I wanted to download a bunch of files from a webpage. Fortunately we have Python. Watch how ridiculously easy this is:
Python 2.6 (r26:66721, Oct 2 2008, 11:35:03) [MSC v.1500 32 bit (Intel)] on win 32
Type "help", "copyright", "credits" or "license" for more information.
>>> from BeautifulSoup import *
>>> import urllib
>>> import urllib2
>>> baseurl = "http://whatever.com/files/here/"
>>> soup = BeautifulSoup(urllib2.urlopen(baseurl))
>>> for link in links[5:]:
... print link.text
... urllib.urlretrieve(baseurl+link.text, link.text)
--- Now watch the fun, your downloads have begun. ---
So now a little explanation.

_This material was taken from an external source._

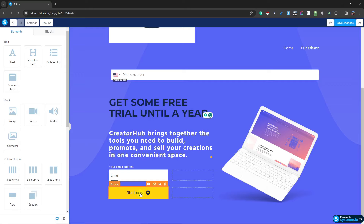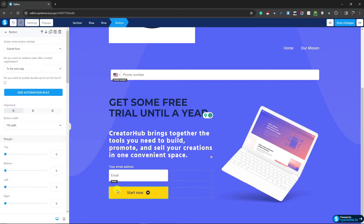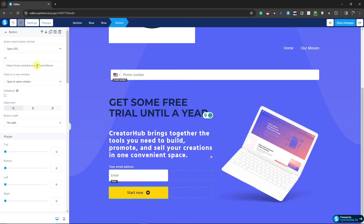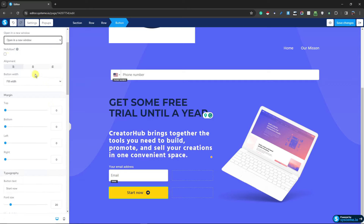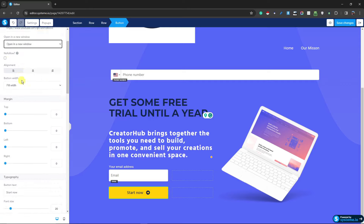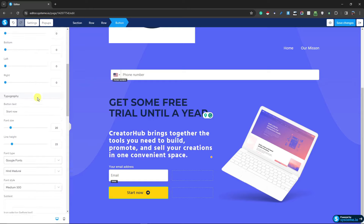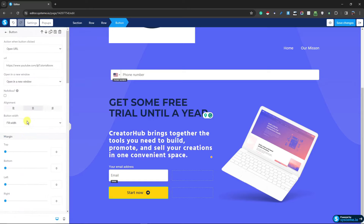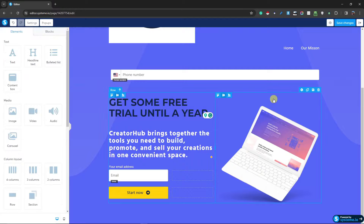There's also a 'Start Now' or 'Submit Now' button. If you double-click it, on the left side you'll see button actions: submit form, show pop-up, open URL, go to next step, or download file. I'm going to select 'Open URL' and type in my YouTube channel link. You can choose to open it in the same window or a new window, and you can also add 'nofollow.' The most important part is pasting the correct URL.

BeautifulSoup is an HTML parser, and a damn good one at that. It can handle really badly formed HTML with grace, and makes it really easy to do screen-scraping. Really cool stuff.
Basically my variable 'soup' will hold the entire contents of the webpage. Now that object has a lot of capabilities, you will want to check out the BeautifulSoup docs to learn all of what it can do. How about this:
soup.findAll("a") #Boom. This will return a Python list of all "a" tags
Now all I do is loop through them all. I skip the first few because after inspection, these weren't files and I don't care about them. Now I just call the urllib.urlretrieve(url, filename). link.text is the actual text of the link.
In retrospect I probably should've done (urlretrieve(baseurl+link.href, link.text)), but you can figure that out for yourself. This is meant to be inspiration and to apply this you might have to make some changes to these nine lines.